If you dream of owning your own business but do not want to start a new one, buying an existing business may be the way to go. This is a guide to purchasing an existing business including:
- What to consider
- Why people sell businesses
- Determining the right business for you
- How to find and purchase an existing business
While you are looking for your potential purchase, begin building your acquisition team by identifying a reputable CPA, banker, and business attorney.
Considerations for Buying an Existing Business
There are pros and cons to building a new business and in buying an established one. As far as the downside of buying a business, a higher up-front purchase cost may be your biggest concern, but there are other considerations on that side as well.
An existing business may come with existing debts that cannot be collected or, alternatively, come saddled with debt through poor management. You may inherit employees you did not select and who are resistant to change.
You can also spend quite a bit on evaluating businesses if you comparison shop. For each business, you need to look at the health and building inspections plus a financial analysis for each.
On the other hand, an existing business represents less risk. You have more information to help you determine the health of the business.
- Profit and loss statements instead of estimates
- Sales history
- Demonstrated market and pricing
You may also acquire valuable copyrights, patents, or other intellectual property. If you are dealing with tangible assets, you may even have existing inventory to work with.
Why Do Owners Sell Businesses?
It’s tempting to believe it’s because the business is failing. More often than not, though, it is simply a decision of the owner to move on for a variety of reasons:
- Desire for a new lifestyle
- Bored with running a business instead of creating one
- Excited about a new idea
- Ready to retire
In other words, innocuous issues that everyone deals with throughout their working lives.
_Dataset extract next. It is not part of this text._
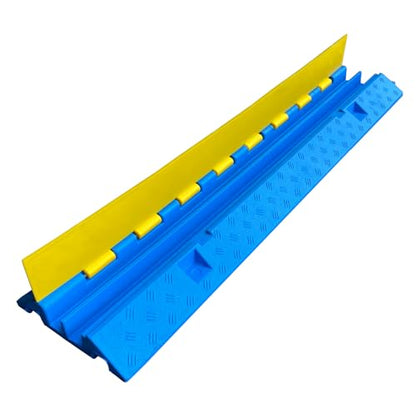 1 Pack Blue Rubber Cable Ramp Hose Cable Protector Ramp 2 Channel 22000Lbs Load Capacity Traffic Speed Bump Wires Power Lines Extension Cord Cover for Indoor Outdoor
Determining Type of Business to Purchase
Think about the following:
- Lifestyle (yours)
Do you want to move somewhere else for the business or stay where you are? What size business do you want to operate - small family business or a large enterprise?
Consider the industry experience you have or whether you want to expand an interest from a hobby to a business.
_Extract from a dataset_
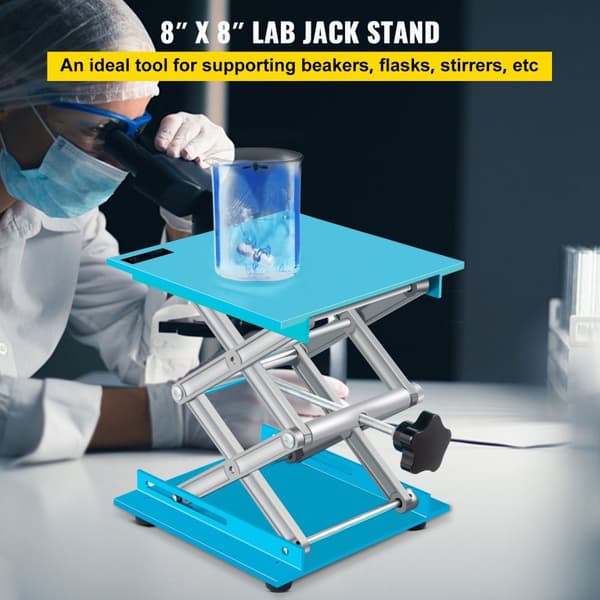 Lab Jack-stativ, 8"x8" aluminiumoxidlabbjack, justerbar höjd 2,4"-12", hållbart och stabilt, lastkapacitet 88LBS/40KG.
Finally, do you want to travel, work odd hours, or have a typical Monday through Friday workaday schedule?
All of these are major decisions you should make before looking into businesses for sale.
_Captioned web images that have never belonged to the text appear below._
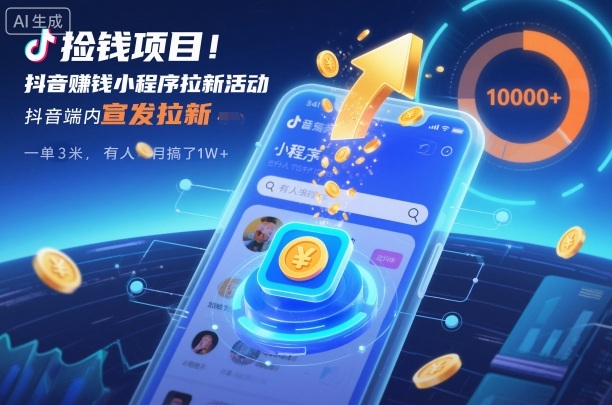 捡钱项目！抖音賺钱小程序拉新活动，抖音端内宣发拉新，一单3米，有人半个月搞了1W+ - 来及网络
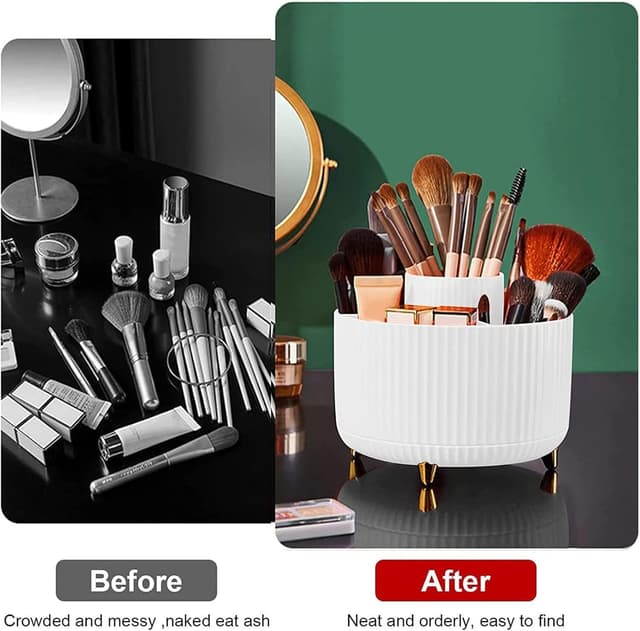 Detalle de Bekeify 360° Rotating Makeup Organiser with 5 Compartments (White ABS) for Brushes, Cosmetics & Small Accessories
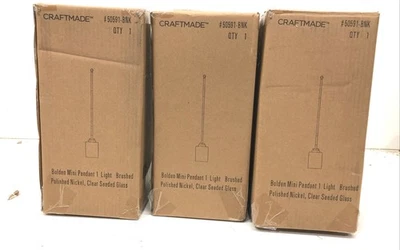 Лот из 3 Craftmade Bolden 1-светлый матовый никель мини подвеска прозрачный семена стекла - Изображение 1 из 3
Researching Available Businesses
Do not start with Google. The internet is rife with scams, illegitimate business offerings, and TMI (Too Much Information).
Let friends and associates know what you are doing. One may be ready to sell a business or know someone who is. Work your way outward to business contacts. Speak with customers, owners, and vendors of the type of business you want to operate.
Now you may approach the computer to do careful research if you have not found anything available. As you create a short list of available businesses, take a look at the Better Business Bureau website for ratings and complaints against the business. Get a feel for the general perception of the industry in the area.
Also, consider the future outlook for the business and find out why it is for sale. Your business must control enough market to be profitable; speaking to vendors can help you determine the regional need.
A business broker may be able to help by:
- Prescreening businesses
- Helping you determine the type of business you want
- Negotiating the terms of sale
Understand that a business broker works on commission (5% to 10%), just like a realtor. Do not be pushed into making a fast decision.
Do Due Diligence
You have found a potential property. Now you can say, “Acquisitions Team, Assemble.”
You need an independent valuation of the company you want to purchase. How financially healthy is it? How much is it worth? Does the owner have relationships that will not transfer their business to a new owner?
Your accountant can evaluate the business financials for legitimacy and legality. You are also taking on a large liability; run a credit check on the owner to make sure you are inheriting massive debt or other problems.
Check for all the licenses and permits as well as zoning requirements to see if all is in order.
Unless you have a large nest-egg, you need a way to pay for the business.
The best method of financing is seller financing. The seller agrees to allow you to make regular payments plus interest over time. Another traditional approach is to obtain a business loan from a bank.
Banks actually like existing businesses better than new ones. They come with a track record. However, your personal finances are still a major part of their decision to make the loan.
You could go with an angel investor or venture capital. You would be partnering with someone in your business, which means you lose some profit. On the other hand, if the business fails, you are not stuck with the debt.
Making the Purchase
All major purchases come with piles of paperwork. For a business sale you are looking at:
- Letter of Intent with the proposed price, terms of purchase, and conditions of sale
- Confidentiality and non-compete agreements
- Contracts and leases
- Financial statements and tax return from the past three to five years
- Important property documents and customer lists
- Sales agreement defining the business assets and property you are purchasing
You are well on your way to purchasing an existing business. You are selecting the right business for you, and you have done your due diligence; all the paperwork is in order. You have funding and contract.
All that is left is to close the deal, make all the necessary transfers, and go to work in your new business.